John McGarry’s and Brendan O’Leary’s characteristically lively core contribution to this volume offers a useful development of their earlier writings on Northern Ireland’s recent institutional evolution. It combines analysis with prescription in a manner that reflects the broad trends in the deeply divided literature on consociational government, where advocates focus on the conflict-resolving capacity of this constitutional device, while opponents stress its allegedly divisive and undemocratic character.

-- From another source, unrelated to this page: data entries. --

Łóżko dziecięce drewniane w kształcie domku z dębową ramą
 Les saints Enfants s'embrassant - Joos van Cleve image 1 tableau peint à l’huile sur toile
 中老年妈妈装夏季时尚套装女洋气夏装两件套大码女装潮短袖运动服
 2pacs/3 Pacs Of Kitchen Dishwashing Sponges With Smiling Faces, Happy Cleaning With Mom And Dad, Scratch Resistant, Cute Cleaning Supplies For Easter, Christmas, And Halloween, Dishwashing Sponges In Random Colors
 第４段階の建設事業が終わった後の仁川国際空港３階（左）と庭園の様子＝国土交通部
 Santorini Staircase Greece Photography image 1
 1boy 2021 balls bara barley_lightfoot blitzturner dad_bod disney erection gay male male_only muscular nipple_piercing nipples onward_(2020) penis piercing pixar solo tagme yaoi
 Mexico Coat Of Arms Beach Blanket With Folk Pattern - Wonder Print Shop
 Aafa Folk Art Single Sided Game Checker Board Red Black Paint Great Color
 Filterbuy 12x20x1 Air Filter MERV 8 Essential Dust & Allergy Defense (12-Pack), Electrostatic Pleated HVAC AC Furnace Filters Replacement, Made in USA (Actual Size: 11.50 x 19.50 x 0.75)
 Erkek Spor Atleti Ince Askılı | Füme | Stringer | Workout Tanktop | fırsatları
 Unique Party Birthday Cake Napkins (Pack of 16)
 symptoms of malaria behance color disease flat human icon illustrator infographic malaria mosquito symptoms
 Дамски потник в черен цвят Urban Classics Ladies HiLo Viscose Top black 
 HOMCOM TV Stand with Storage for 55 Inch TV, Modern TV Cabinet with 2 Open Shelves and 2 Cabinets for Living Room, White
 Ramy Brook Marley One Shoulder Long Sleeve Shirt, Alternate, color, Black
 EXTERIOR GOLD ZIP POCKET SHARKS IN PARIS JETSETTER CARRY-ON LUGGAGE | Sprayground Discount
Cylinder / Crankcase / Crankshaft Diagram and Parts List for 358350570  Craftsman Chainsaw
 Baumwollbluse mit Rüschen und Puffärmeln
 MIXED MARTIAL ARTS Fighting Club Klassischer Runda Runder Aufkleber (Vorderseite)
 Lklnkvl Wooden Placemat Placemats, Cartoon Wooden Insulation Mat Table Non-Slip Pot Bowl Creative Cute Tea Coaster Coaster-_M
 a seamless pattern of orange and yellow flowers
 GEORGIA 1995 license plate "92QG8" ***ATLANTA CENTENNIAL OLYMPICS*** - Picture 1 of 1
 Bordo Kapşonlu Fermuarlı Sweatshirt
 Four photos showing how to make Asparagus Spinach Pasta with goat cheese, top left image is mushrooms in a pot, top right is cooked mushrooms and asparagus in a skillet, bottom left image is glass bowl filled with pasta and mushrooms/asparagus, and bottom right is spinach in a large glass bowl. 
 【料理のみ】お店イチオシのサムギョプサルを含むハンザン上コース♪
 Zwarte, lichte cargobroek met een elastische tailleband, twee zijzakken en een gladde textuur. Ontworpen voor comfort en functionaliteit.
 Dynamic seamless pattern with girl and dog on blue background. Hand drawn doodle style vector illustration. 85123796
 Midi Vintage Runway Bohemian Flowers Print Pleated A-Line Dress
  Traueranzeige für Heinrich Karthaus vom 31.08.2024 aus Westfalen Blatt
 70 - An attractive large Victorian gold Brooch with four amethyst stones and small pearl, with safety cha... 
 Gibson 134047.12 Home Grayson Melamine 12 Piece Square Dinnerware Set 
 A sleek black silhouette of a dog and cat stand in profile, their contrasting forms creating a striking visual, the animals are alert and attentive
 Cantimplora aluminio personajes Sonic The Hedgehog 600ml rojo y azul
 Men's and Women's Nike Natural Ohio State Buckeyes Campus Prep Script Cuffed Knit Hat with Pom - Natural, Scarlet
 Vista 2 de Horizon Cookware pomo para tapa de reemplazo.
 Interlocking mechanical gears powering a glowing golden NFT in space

The present contribution shares McGarry’s and O’Leary’s normative

perspective, in seeing consociational arrangements – especially in challenging circumstances where the primary axis of division is an ethno-national one – as the most obvious, but not necessarily perfect, constitutional formula if civil unrest, internal conflict, and political disintegration are to be avoided. This does not imply going as far as these authors in seeing academic analysis in the area as divided into two starkly defined camps: consociationalists and integrationists. Few specialists in the area would see themselves as falling unambiguously into one or other of these categories, though some might buy in, in an à-la-carte way, to one of these approaches. Many, however, would not wish to be associated with either camp, or, perhaps, even to acknowledge that such camps exist; and others would, as McGarry and O’Leary themselves implicitly admit, endorse consociation precisely as a means towards integration, thus straddling both positions. This paper considers three aspects of McGarry’s and O’Leary’s applica-

tion of consociational theory to Northern Ireland. First, it addresses a clear empirical difficulty in describing the Good Friday Agreement as consociational: the absence in the Northern Irish case of a key ingredient in the classical definition of consociation, group autonomy. It suggests resolving this by reworking the definition of consociation. Second, it explores the political consequences of the electoral system, a feature whose importance has been strongly and correctly emphasized by McGarry and O’Leary. Third, it examines the formula used in selection of the Executive and choice

of First Minister and Deputy First Minister – another important application of the consociational principle in Northern Ireland.